Annual Brazilian football tournament

Taça Rio (English: Rio Cup) is an annual football tournament attached to Campeonato Carioca, the state football league in the Rio de Janeiro state. It has been organized since 1982 by the Rio de Janeiro State Football Federation. It has had different formats throughout its history. Since 2026, it has been played between clubs that lose the quarter-finals in the Campeonato Carioca knockout phase.

Vasco da Gama is the most successful club in the tournament's history, having won the title eleven times.

==Format==
The Taça Rio and Taça Guanabara has become, throughout its history, recognized for the various changes in its format, causing confusion for many spectators.

Since 2021, it has been played between clubs that finished 5th to 8th in the Taça Guanabara, the first single round-robin phase of the Campeonato Carioca. There are two semi-finals, sixth place will face seventh and fifth will face eighth. The two winners compete in the final. All games are two-legged tie format.

Starting in 2026, the Taça Rio will be contested between the clubs that lost the quarter-finals of the knockout phase of the Campeonato Carioca.

==History==

Taça Rio was created in 1982, as an equivalent to Taça Guanabara. While Taça Guanabara is the name of the trophy given to the Campeonato Carioca first stage winner, Taça Rio is the trophy given to the second stage champion.

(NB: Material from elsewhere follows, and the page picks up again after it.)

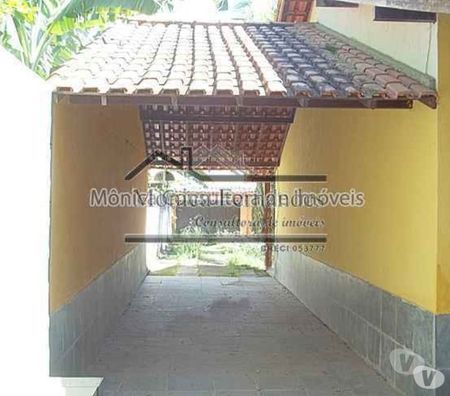 Apartamentos a venda Marica RJ - Fotos para Casa C 2 Suítes Externas, Terreno De 360 m².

Taça Rio was not held only in 1994 and 1995, during the time format of Taça Guanabara was changed. During these two years, though teams were still divided into two groups, the matches that played against teams from other group, traditional matches of Taça Rio, became the second phase of the group stage of the Taça Guanabara. Therefore, there was no need for the Taça Rio to be held.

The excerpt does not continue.